● **Data excerpts**:
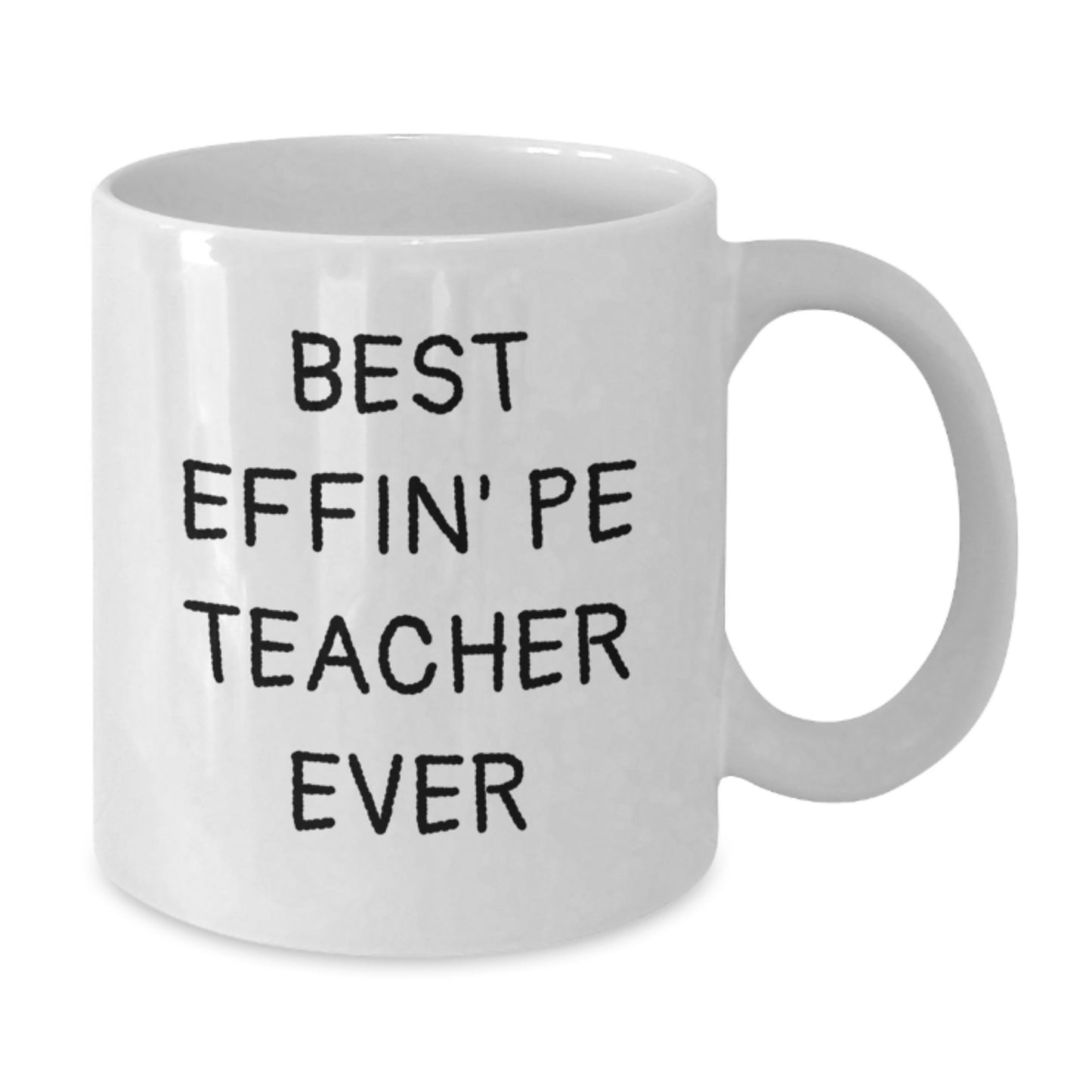 Funny PE Teacher Gifts for Him - 'Best Effin' Pe Teacher Ever' White Coffee Mugs from Son, Daughter, Friends, Family - Unique Mother's Day Unique Gifts - Additional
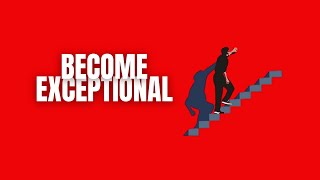 The Art of Doing Anything Exceptionally Well | Master Any Skill in Life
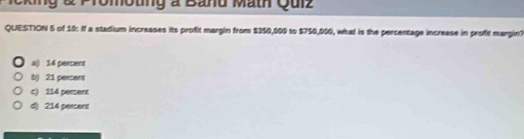 Icking & Promoting a Band Math Quiz
QUESTION 5 of 19: If a stadium increases its profit margin from $350,000 to $750,000, what is the percentage increase in profit margin?
a() 14 percent
b) 21 pencerd
c) 114 pensemt
d) 214 percent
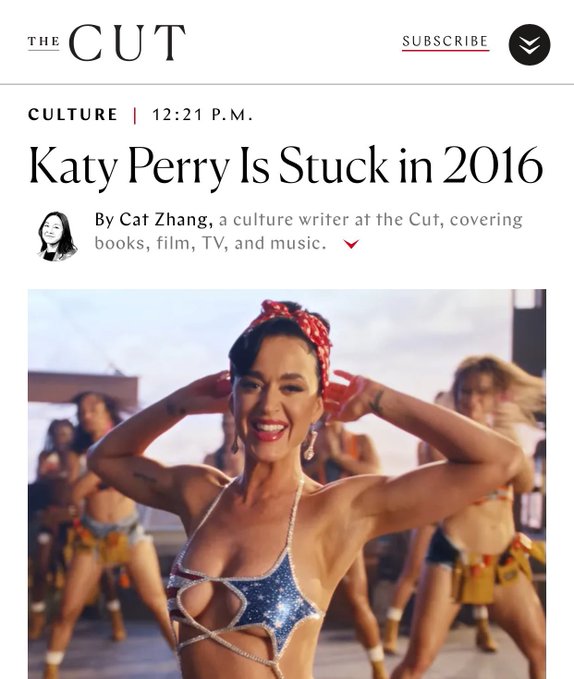 THE CUT SUBSCRIBE CULTURE 12:21 P.M. Katy Perry Is Stuck in 2016 By Cat Zhang, a culture writer at the Cut, covering books, film, TV, and music.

● **To do**: The lines to repeat run from the line containing "b) 21 pencerd" through the last line of the material above; give them exactly, without the pictures.

● **Solution for this task**:
b) 21 pencerd
c) 114 pensemt
d) 214 percent
 THE CUT SUBSCRIBE CULTURE 12:21 P.M. Katy Perry Is Stuck in 2016 By Cat Zhang, a culture writer at the Cut, covering books, film, TV, and music.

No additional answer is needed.